So you basically Agree, however, that confession and eyewitness testimony, though considered the gold standard legally, should be inferior to physical evidence, right?

Anyways, I should come out with my full opinion on the death penalty: In theory it could be acceptable (though I don't see what's wrong with life in prison), but in the justice system as it currently (and probably will forever) exists, there is too much chance of an execution of an innocent person. For me to be comfortable with the death penalty, the rate of executing the wrong person would have to be way under 1% I don't think good statistics exist, but I suspect that the rate is much higher right now, closer to 5%. 1 in 20 people executed being innocent is unacceptable, though that brings up the point at what level is it acceptable? I don't know. Since life in prison exists as an equally viable option for keeping violent criminals of the streets, I'd rather just stick to that for the foreseeable future.
So you basically Agree, however, that confession and eyewitness testimony, though considered the gold standard legally, should be inferior to physical evidence, right?

Of course.
People confess to crimes they did not commit all the time. It happens, pretty much, every time there is a high-profile murder.
Perhaps we should kill everyone who confesses?
A few points here. In the U.K. I think high treason still carrys a death penalty. By hanging if I'm not mistaken.

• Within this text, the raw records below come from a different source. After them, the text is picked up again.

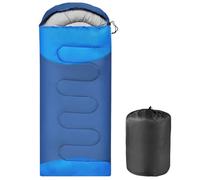 OBTANIM Sleeping Bags Portable Waterproof Camping Sleeping Bag for Adults Kids 4 Seasons Cold Weather or Warm Backpacking Hiking Mountaineering Indoor Outdoor Use (Dark Blue and Blue)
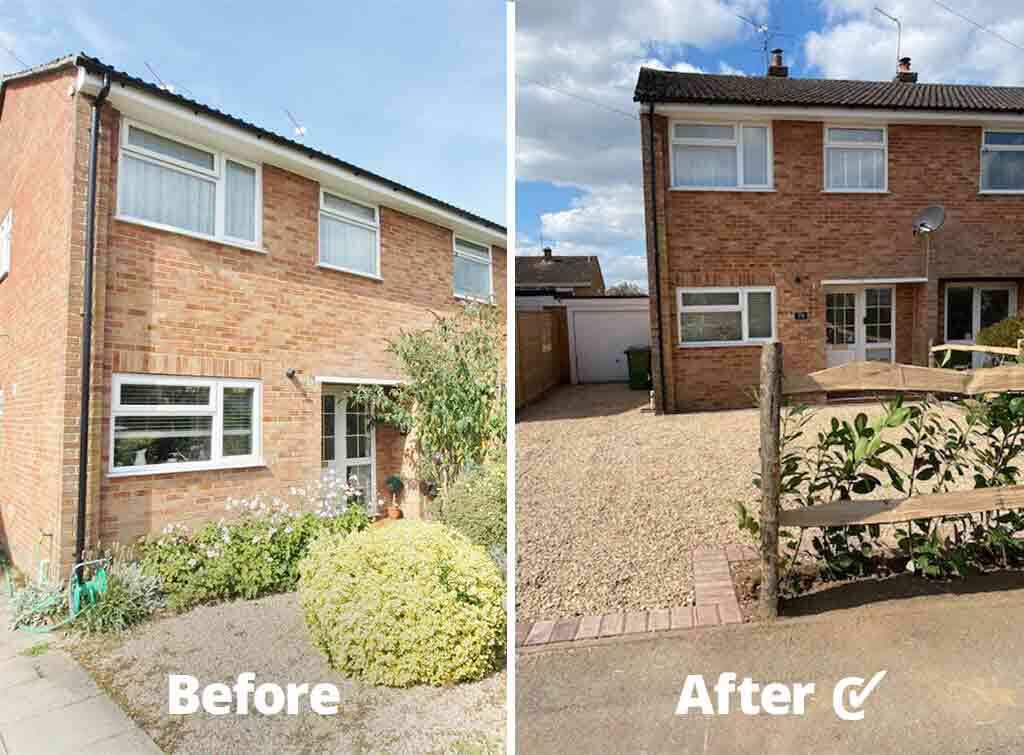 How much does it cost to convert a front garden into a driveway (UK)?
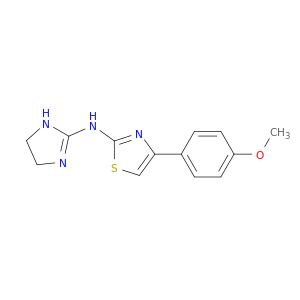 2-Thiazolamine, N-(4,5-dihydro-1H-imidazol-2-yl)-4-(4-methoxyphenyl)-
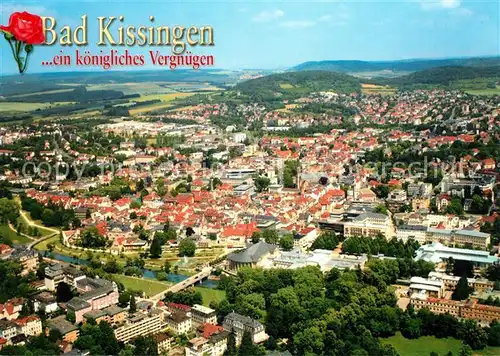 AK / Ansichtskarte Bad Kissingen Fliegeraufnahme Kat. Bad Kissingen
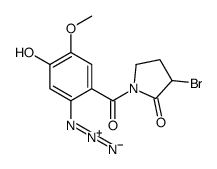 1-(2-azido-4-hydroxy-5-methoxybenzoyl)-3-bromopyrrolidin-2-one Structure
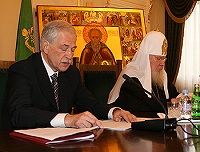 Святейший Патриарх Алексий возглавил заседание Попечительского совета Саввино-Сторожевского монастыря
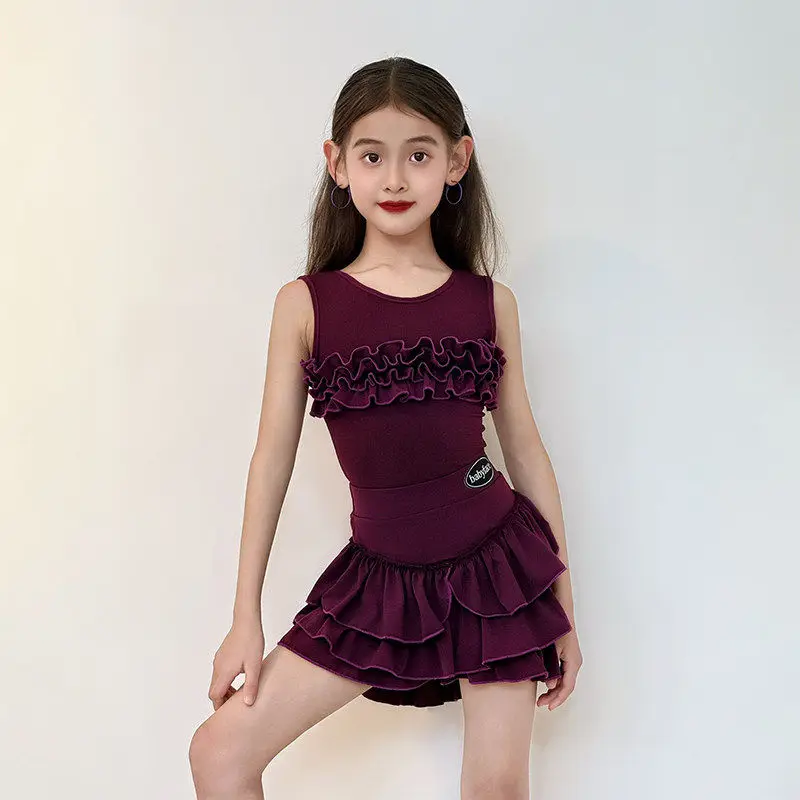 2026 Summer Senior Latin Dance Practice Suit Girls Fashion Daily Training Performance Cake Dance Skirt Set
2026 Summer Senior Latin Dance Practice Suit Girls Fashion Daily Training Performance Cake Dance Skirt Set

Anyway I'm kinda on the fence although I wouldnt use it as Aiden would, I think its cheaper too kill a mass murder then 2 spend taxes on keepin em in jail. Take Charles Manson evidence is there so I dont see a problem in cases like that even though he didnt pull the trigger he was the driving force. But that said alot of people have been sentenced to death unwarrented and if they where put to death wouldnt that be murder in its own right? Should the judge and jury feel bad? Or be injected themselves? As they casued the death of an innonce person?(No but it leads to interesting conculsions).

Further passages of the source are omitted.